Required work: Transcribe each record as written.

Data for this task:
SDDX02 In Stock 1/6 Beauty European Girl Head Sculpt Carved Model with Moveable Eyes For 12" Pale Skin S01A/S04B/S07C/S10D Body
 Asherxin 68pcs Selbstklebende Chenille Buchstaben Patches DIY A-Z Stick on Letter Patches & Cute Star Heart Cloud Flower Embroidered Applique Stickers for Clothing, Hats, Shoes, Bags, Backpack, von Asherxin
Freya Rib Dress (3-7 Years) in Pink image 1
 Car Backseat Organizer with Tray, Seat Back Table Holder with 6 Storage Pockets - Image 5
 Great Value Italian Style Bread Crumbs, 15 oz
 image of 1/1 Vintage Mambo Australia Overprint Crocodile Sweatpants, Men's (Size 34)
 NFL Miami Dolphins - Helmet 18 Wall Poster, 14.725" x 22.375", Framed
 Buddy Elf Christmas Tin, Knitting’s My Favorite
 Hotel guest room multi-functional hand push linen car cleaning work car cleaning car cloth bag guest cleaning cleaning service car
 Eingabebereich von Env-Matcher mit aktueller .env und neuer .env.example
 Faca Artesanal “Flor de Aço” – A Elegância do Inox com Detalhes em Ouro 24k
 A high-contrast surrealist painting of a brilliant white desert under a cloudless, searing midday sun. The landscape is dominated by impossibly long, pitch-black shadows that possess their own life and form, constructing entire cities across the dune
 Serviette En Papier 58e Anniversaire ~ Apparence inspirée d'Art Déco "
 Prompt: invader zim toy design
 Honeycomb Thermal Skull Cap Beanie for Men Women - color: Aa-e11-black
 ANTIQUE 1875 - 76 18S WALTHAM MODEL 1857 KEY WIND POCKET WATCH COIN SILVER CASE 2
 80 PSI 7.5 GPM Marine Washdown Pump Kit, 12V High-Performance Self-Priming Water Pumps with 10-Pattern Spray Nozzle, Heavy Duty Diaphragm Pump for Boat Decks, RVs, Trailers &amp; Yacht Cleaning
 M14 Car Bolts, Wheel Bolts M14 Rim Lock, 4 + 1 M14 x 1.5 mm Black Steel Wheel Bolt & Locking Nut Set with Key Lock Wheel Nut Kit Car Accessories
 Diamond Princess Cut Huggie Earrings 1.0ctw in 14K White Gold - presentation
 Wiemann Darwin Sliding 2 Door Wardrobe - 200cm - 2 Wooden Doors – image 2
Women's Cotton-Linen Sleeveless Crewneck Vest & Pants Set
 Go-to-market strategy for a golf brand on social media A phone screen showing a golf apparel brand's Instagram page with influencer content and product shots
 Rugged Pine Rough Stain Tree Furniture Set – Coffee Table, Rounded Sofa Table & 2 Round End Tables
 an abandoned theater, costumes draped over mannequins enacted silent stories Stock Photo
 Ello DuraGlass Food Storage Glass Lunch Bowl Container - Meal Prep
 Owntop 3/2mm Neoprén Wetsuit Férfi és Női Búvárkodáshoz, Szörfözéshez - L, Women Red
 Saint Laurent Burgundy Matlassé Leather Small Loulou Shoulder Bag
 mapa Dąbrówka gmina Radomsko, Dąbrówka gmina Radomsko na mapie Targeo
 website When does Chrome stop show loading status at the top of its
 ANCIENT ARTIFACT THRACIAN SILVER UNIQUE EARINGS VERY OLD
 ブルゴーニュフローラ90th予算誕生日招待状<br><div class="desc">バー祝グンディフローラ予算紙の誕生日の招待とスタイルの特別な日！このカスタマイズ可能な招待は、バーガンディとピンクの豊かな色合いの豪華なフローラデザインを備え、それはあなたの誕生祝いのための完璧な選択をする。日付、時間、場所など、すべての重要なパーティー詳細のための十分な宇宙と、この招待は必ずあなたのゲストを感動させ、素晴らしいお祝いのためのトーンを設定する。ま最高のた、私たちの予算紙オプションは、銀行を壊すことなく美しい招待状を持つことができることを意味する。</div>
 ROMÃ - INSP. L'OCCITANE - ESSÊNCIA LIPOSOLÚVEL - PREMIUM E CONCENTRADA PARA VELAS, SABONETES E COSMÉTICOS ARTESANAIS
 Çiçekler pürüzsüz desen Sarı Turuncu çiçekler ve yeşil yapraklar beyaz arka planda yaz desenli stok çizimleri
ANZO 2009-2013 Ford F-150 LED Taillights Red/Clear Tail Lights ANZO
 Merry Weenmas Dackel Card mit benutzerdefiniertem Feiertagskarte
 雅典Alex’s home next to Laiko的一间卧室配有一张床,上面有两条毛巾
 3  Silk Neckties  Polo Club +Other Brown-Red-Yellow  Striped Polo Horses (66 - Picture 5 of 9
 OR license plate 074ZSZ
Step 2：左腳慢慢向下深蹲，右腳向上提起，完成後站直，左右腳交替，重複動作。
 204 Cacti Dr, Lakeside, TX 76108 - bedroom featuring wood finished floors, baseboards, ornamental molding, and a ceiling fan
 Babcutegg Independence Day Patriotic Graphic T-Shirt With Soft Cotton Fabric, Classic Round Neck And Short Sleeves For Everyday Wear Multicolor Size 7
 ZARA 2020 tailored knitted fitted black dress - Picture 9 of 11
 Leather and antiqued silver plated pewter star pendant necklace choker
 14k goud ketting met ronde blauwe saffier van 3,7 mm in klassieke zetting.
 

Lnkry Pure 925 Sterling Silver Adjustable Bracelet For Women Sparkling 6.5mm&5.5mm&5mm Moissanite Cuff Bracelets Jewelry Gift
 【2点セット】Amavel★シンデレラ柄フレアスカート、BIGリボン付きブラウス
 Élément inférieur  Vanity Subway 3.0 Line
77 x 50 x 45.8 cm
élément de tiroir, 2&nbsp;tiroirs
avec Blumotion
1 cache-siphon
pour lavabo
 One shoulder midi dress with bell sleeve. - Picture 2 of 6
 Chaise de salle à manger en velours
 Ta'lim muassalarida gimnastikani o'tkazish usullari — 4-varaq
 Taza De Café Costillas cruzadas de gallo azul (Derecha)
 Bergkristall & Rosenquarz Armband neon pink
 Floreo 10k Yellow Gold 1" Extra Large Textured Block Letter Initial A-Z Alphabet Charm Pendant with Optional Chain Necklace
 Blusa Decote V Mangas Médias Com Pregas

Written answer:
SDDX02 In Stock 1/6 Beauty European Girl Head Sculpt Carved Model with Moveable Eyes For 12" Pale Skin S01A/S04B/S07C/S10D Body
 Asherxin 68pcs Selbstklebende Chenille Buchstaben Patches DIY A-Z Stick on Letter Patches & Cute Star Heart Cloud Flower Embroidered Applique Stickers for Clothing, Hats, Shoes, Bags, Backpack, von Asherxin
Freya Rib Dress (3-7 Years) in Pink image 1
 Car Backseat Organizer with Tray, Seat Back Table Holder with 6 Storage Pockets - Image 5
 Great Value Italian Style Bread Crumbs, 15 oz
 image of 1/1 Vintage Mambo Australia Overprint Crocodile Sweatpants, Men's (Size 34)
 NFL Miami Dolphins - Helmet 18 Wall Poster, 14.725" x 22.375", Framed
 Buddy Elf Christmas Tin, Knitting’s My Favorite
 Hotel guest room multi-functional hand push linen car cleaning work car cleaning car cloth bag guest cleaning cleaning service car
 Eingabebereich von Env-Matcher mit aktueller .env und neuer .env.example
 Faca Artesanal “Flor de Aço” – A Elegância do Inox com Detalhes em Ouro 24k
 A high-contrast surrealist painting of a brilliant white desert under a cloudless, searing midday sun. The landscape is dominated by impossibly long, pitch-black shadows that possess their own life and form, constructing entire cities across the dune
 Serviette En Papier 58e Anniversaire ~ Apparence inspirée d'Art Déco "
 Prompt: invader zim toy design
 Honeycomb Thermal Skull Cap Beanie for Men Women - color: Aa-e11-black
 ANTIQUE 1875 - 76 18S WALTHAM MODEL 1857 KEY WIND POCKET WATCH COIN SILVER CASE 2
 80 PSI 7.5 GPM Marine Washdown Pump Kit, 12V High-Performance Self-Priming Water Pumps with 10-Pattern Spray Nozzle, Heavy Duty Diaphragm Pump for Boat Decks, RVs, Trailers &amp; Yacht Cleaning
 M14 Car Bolts, Wheel Bolts M14 Rim Lock, 4 + 1 M14 x 1.5 mm Black Steel Wheel Bolt & Locking Nut Set with Key Lock Wheel Nut Kit Car Accessories
 Diamond Princess Cut Huggie Earrings 1.0ctw in 14K White Gold - presentation
 Wiemann Darwin Sliding 2 Door Wardrobe - 200cm - 2 Wooden Doors – image 2
Women's Cotton-Linen Sleeveless Crewneck Vest & Pants Set
 Go-to-market strategy for a golf brand on social media A phone screen showing a golf apparel brand's Instagram page with influencer content and product shots
 Rugged Pine Rough Stain Tree Furniture Set – Coffee Table, Rounded Sofa Table & 2 Round End Tables
 an abandoned theater, costumes draped over mannequins enacted silent stories Stock Photo
 Ello DuraGlass Food Storage Glass Lunch Bowl Container - Meal Prep
 Owntop 3/2mm Neoprén Wetsuit Férfi és Női Búvárkodáshoz, Szörfözéshez - L, Women Red
 Saint Laurent Burgundy Matlassé Leather Small Loulou Shoulder Bag
 mapa Dąbrówka gmina Radomsko, Dąbrówka gmina Radomsko na mapie Targeo
 website When does Chrome stop show loading status at the top of its
 ANCIENT ARTIFACT THRACIAN SILVER UNIQUE EARINGS VERY OLD
 ブルゴーニュフローラ90th予算誕生日招待状<br><div class="desc">バー祝グンディフローラ予算紙の誕生日の招待とスタイルの特別な日！このカスタマイズ可能な招待は、バーガンディとピンクの豊かな色合いの豪華なフローラデザインを備え、それはあなたの誕生祝いのための完璧な選択をする。日付、時間、場所など、すべての重要なパーティー詳細のための十分な宇宙と、この招待は必ずあなたのゲストを感動させ、素晴らしいお祝いのためのトーンを設定する。ま最高のた、私たちの予算紙オプションは、銀行を壊すことなく美しい招待状を持つことができることを意味する。</div>
 ROMÃ - INSP. L'OCCITANE - ESSÊNCIA LIPOSOLÚVEL - PREMIUM E CONCENTRADA PARA VELAS, SABONETES E COSMÉTICOS ARTESANAIS
 Çiçekler pürüzsüz desen Sarı Turuncu çiçekler ve yeşil yapraklar beyaz arka planda yaz desenli stok çizimleri
ANZO 2009-2013 Ford F-150 LED Taillights Red/Clear Tail Lights ANZO
 Merry Weenmas Dackel Card mit benutzerdefiniertem Feiertagskarte
 雅典Alex’s home next to Laiko的一间卧室配有一张床,上面有两条毛巾
 3  Silk Neckties  Polo Club +Other Brown-Red-Yellow  Striped Polo Horses (66 - Picture 5 of 9
 OR license plate 074ZSZ
Step 2：左腳慢慢向下深蹲，右腳向上提起，完成後站直，左右腳交替，重複動作。
 204 Cacti Dr, Lakeside, TX 76108 - bedroom featuring wood finished floors, baseboards, ornamental molding, and a ceiling fan
 Babcutegg Independence Day Patriotic Graphic T-Shirt With Soft Cotton Fabric, Classic Round Neck And Short Sleeves For Everyday Wear Multicolor Size 7
 ZARA 2020 tailored knitted fitted black dress - Picture 9 of 11
 Leather and antiqued silver plated pewter star pendant necklace choker
 14k goud ketting met ronde blauwe saffier van 3,7 mm in klassieke zetting.
 

Lnkry Pure 925 Sterling Silver Adjustable Bracelet For Women Sparkling 6.5mm&5.5mm&5mm Moissanite Cuff Bracelets Jewelry Gift
 【2点セット】Amavel★シンデレラ柄フレアスカート、BIGリボン付きブラウス
 Élément inférieur  Vanity Subway 3.0 Line
77 x 50 x 45.8 cm
élément de tiroir, 2&nbsp;tiroirs
avec Blumotion
1 cache-siphon
pour lavabo
 One shoulder midi dress with bell sleeve. - Picture 2 of 6
 Chaise de salle à manger en velours
 Ta'lim muassalarida gimnastikani o'tkazish usullari — 4-varaq
 Taza De Café Costillas cruzadas de gallo azul (Derecha)
 Bergkristall & Rosenquarz Armband neon pink
 Floreo 10k Yellow Gold 1" Extra Large Textured Block Letter Initial A-Z Alphabet Charm Pendant with Optional Chain Necklace
 Blusa Decote V Mangas Médias Com Pregas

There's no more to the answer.